Collected material:
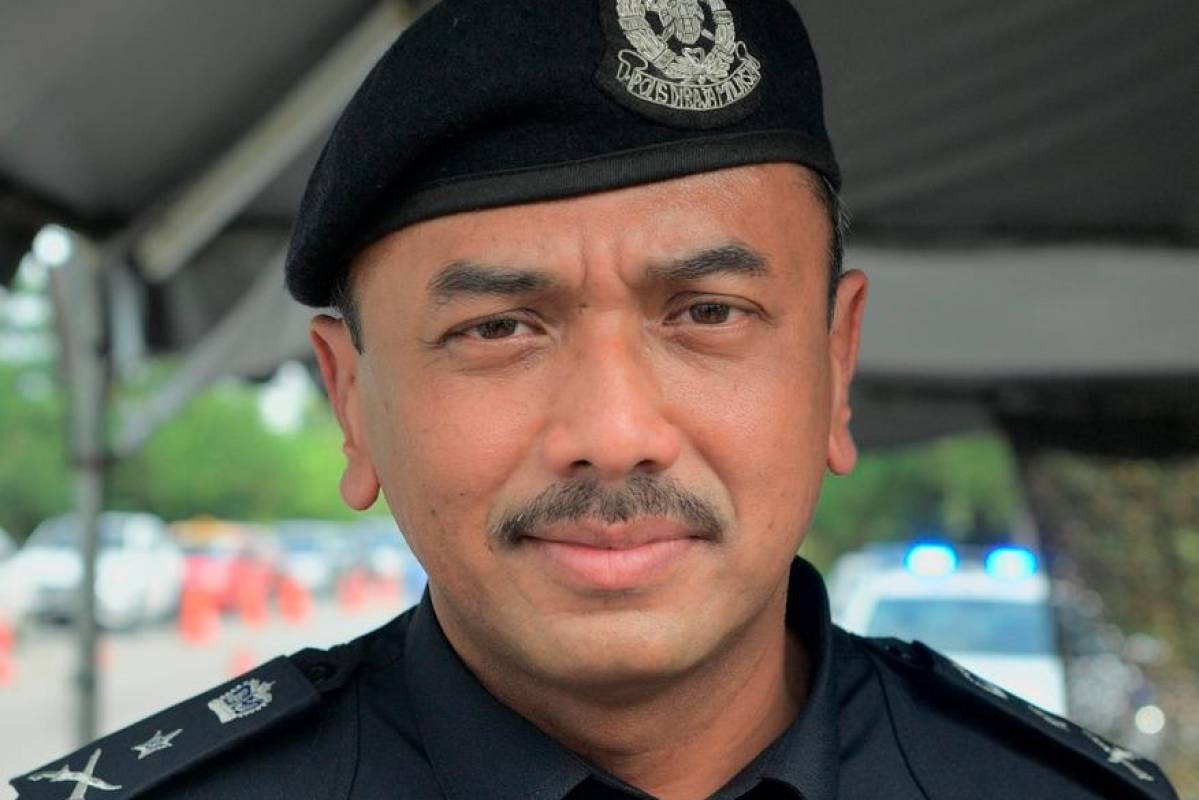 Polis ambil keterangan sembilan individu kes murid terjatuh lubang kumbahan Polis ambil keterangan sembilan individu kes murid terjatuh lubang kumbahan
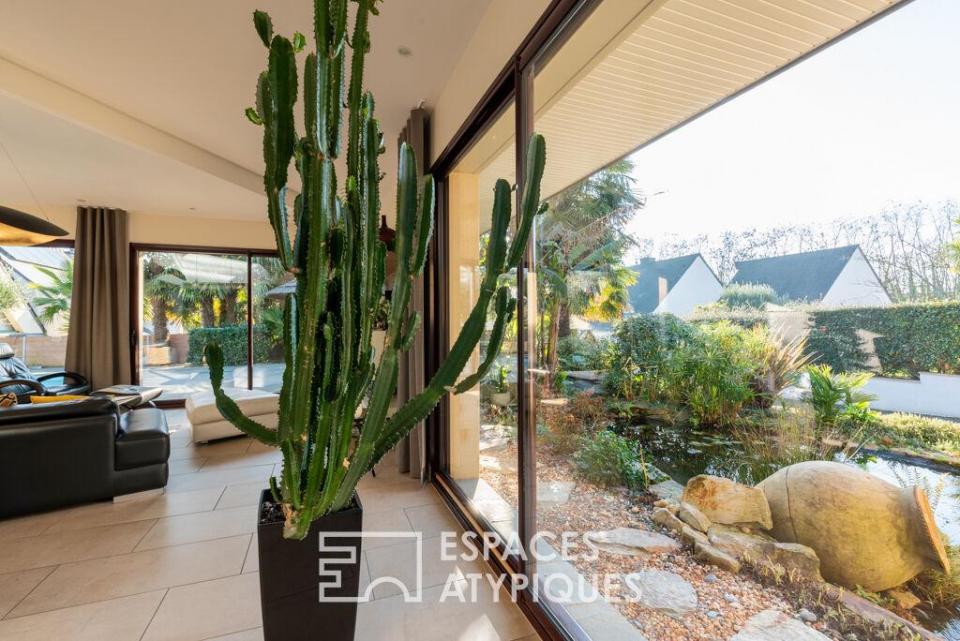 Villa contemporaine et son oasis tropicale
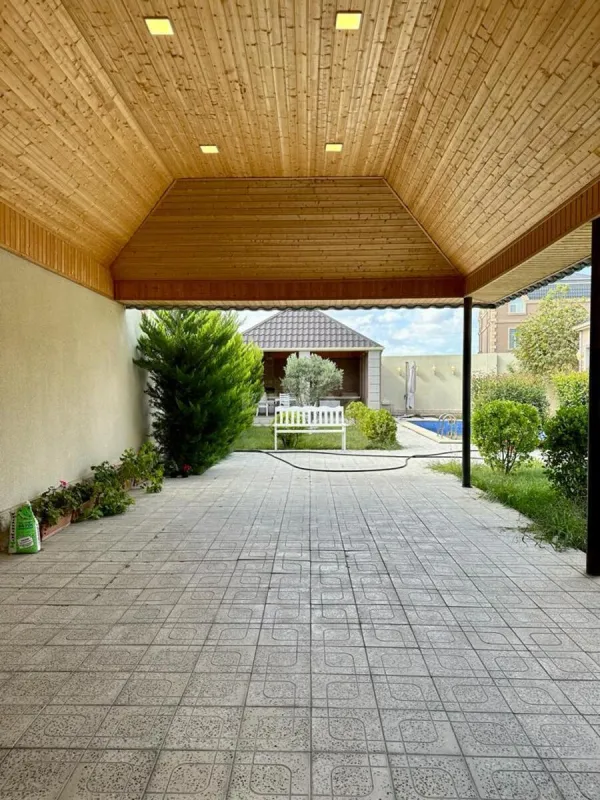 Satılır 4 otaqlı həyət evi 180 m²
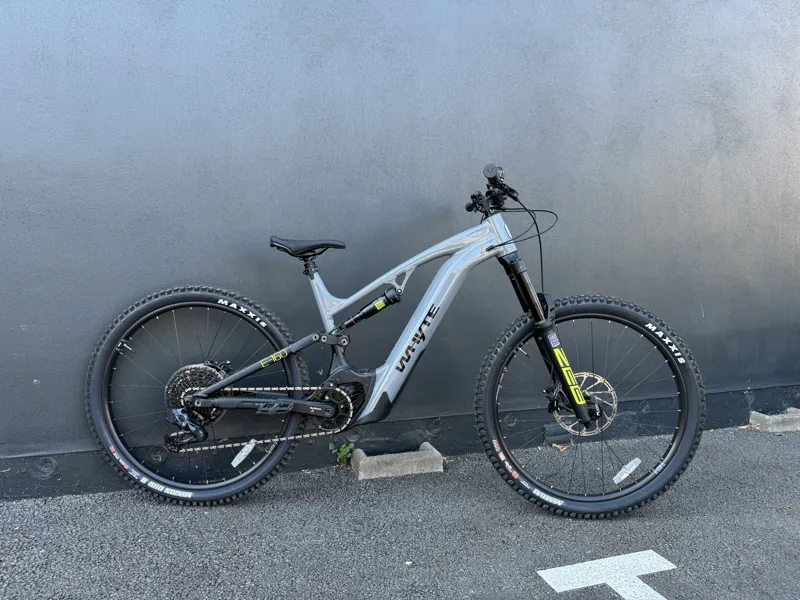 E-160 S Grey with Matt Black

What is being asked: Your copy should hold only the lines from the one containing "Villa contemporaine et son oasis tropicale" through the last line of the listing, both included, retyped exactly and free of pictures.

Problem solution:
 Villa contemporaine et son oasis tropicale
 Satılır 4 otaqlı həyət evi 180 m²
 E-160 S Grey with Matt Black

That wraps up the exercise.